Disbarred attorney faces drug charges
By Matt Hanley email@example.com August 31, 2012 4:58PM
Frank Weinert of Geneva, former attorney facing drug and assault charges.
Updated: October 3, 2012 6:16AM
A former attorney who had an office in Aurora will now need a lawyer of his own.
Frank X. Weinert III, 38, of the 1000 block of Meadows Road, Geneva, was charged with felony possession of a controlled substance and aggravated battery of a police officer after he was stopped by state police.
Weinert was also charged with no insurance, no seat belt, failure to reduce speed and improper lane use on the same date, police said.
Police would not say where the traffic stop took place.
Weinert is scheduled to be in Kane County Court on Wednesday.
In 2008, Weinert was disbarred after continually missing court dates and repeatedly failing to meet with clients, including an Aurora man facing murder charges in Kendall County.
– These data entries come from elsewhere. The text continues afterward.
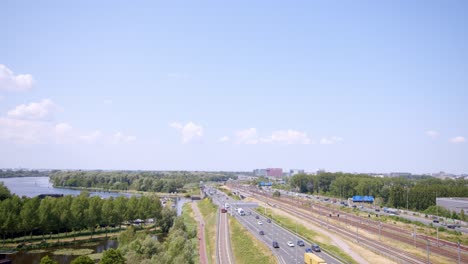 aerial view of the a10 motorway with traffic near amsterdam with schiphol airport in the background, the netherlands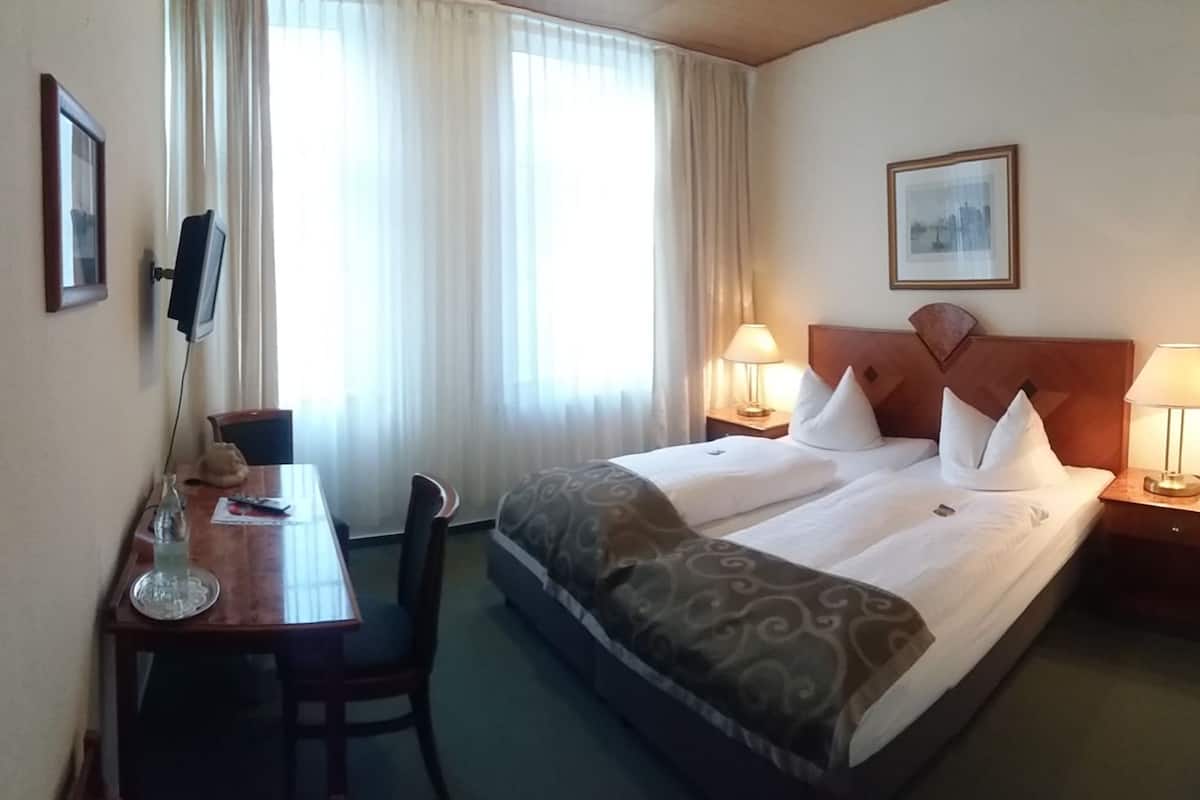 A hotel room with a bed, two bedside tables with lamps, a desk with a chair, a TV, and a window with curtains.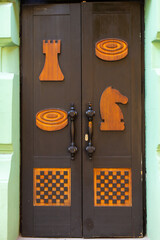 Stylish themed entrance door to the chess club building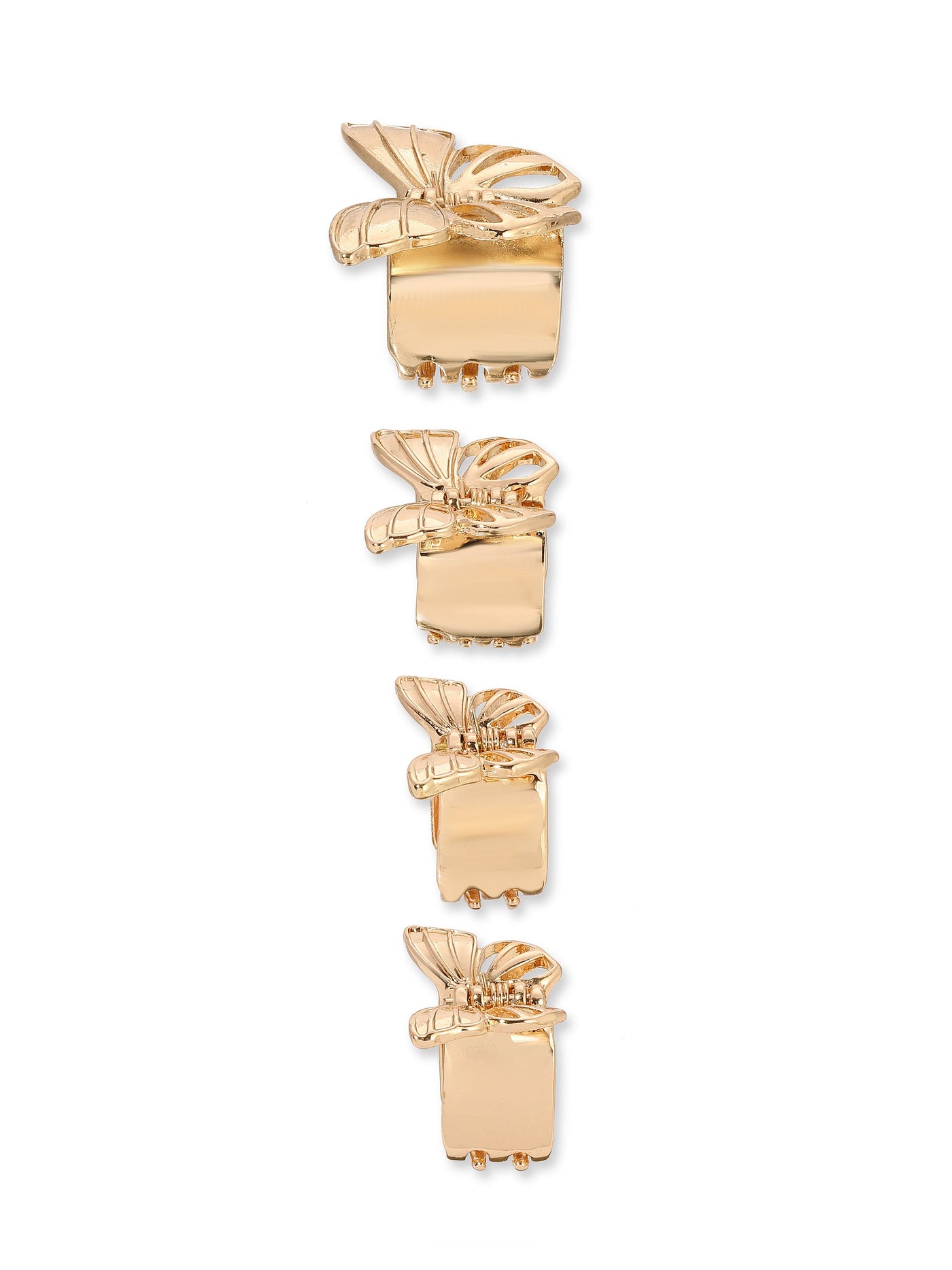 Four golden hair clips are arranged vertically. Each clip features a decorative bow design at the top. The clips sit against a plain white background, emphasizing their shine and intricate details.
The Illinois Attorney Registration and Disciplinary Commission complaint against Weinert cited a 2004 Kendall County murder case.
In that case, Marcelino Alfaro of Aurora, then 19, was charged with driving 16-year-old Jorge Badillo out to a Kendall County cornfield, where two other men shot Badillo in a disagreement over drugs.
The two shooters still have not been charged.
Weinert and Kankakee attorney Brian Hiatt represented Alfaro.
At one point, Alfaro had worked out an agreement to plead guilty to obstruction of justice in exchange for testifying against the shooters.
However, Hiatt and Alfaro failed to show up for meetings with prosecutors, even when Alfaro was brought in from the jail to take a lie detector test.
After Alfaro was found guilty, neither Weinert nor Hiatt spoke to Alfaro before sentencing.
The IARDC complaint alleged that Weinert lied under oath about contacting Alfaro.
Weinert was disbarred in 2008, and Kendall County Judge William Weir fined Hiatt $500 for continual violations of court orders.
Although Weinert missed court appearances, Alfaro’s family said Weinert would call repeatedly about payments. Weinert told The Beacon-News he accepted cash payments but said he was “fairly certain” he recorded all the transactions.
Alfaro was sentenced to 25 years in prison and is scheduled to be paroled in 2029.
Weinert also was accused of unethical practices in eight other instances not relating to the Alfaro case.
State police would not release further information about Weinert’s traffic stop.